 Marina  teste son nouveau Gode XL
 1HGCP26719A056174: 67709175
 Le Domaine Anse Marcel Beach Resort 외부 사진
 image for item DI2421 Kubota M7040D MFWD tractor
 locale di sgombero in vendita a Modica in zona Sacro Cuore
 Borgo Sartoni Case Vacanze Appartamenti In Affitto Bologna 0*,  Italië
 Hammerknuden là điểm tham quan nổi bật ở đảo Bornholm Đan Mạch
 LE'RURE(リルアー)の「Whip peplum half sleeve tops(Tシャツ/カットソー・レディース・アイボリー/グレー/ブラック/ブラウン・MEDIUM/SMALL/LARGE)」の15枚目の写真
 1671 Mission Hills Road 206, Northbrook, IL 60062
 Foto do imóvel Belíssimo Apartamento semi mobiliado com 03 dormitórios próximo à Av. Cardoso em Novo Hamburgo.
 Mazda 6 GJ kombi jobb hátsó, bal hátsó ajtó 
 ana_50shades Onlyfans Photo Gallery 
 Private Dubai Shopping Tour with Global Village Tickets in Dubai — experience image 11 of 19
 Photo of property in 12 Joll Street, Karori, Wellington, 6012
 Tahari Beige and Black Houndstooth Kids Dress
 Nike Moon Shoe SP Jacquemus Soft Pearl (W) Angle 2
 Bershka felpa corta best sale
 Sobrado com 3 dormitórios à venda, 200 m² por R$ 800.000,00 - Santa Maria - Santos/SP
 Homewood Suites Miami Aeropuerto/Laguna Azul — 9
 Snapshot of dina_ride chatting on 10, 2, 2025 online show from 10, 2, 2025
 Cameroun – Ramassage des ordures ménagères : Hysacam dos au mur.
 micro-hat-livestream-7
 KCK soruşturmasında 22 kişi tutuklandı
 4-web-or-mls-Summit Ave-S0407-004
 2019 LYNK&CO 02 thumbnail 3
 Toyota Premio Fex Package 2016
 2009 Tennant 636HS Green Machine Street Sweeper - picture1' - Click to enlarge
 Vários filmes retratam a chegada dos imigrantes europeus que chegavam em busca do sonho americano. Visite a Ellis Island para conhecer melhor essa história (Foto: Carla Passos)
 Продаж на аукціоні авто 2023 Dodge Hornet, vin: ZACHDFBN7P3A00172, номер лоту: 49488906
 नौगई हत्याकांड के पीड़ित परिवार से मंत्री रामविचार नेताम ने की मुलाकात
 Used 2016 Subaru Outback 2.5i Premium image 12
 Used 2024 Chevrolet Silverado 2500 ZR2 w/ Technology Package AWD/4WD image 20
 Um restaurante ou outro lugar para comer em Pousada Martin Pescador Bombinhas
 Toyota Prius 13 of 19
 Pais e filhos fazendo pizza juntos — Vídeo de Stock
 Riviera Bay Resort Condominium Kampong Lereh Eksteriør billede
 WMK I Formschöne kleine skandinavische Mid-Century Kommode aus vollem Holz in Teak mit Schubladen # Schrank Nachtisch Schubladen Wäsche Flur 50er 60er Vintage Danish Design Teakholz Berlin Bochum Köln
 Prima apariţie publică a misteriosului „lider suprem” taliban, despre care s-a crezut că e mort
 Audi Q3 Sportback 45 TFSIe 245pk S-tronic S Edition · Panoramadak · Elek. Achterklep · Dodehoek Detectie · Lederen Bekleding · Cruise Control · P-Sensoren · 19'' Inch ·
--------------------------------------------------
> _ACTIVITY_: Retype the records above, but only those lines that fall between the line containing "Used 2024 Chevrolet" and the line containing "Riviera Bay Resort", with both of those lines included, exactly as written.

> _RESPONSE BOX_:
 Used 2024 Chevrolet Silverado 2500 ZR2 w/ Technology Package AWD/4WD image 20
 Um restaurante ou outro lugar para comer em Pousada Martin Pescador Bombinhas
 Toyota Prius 13 of 19
 Pais e filhos fazendo pizza juntos — Vídeo de Stock
 Riviera Bay Resort Condominium Kampong Lereh Eksteriør billede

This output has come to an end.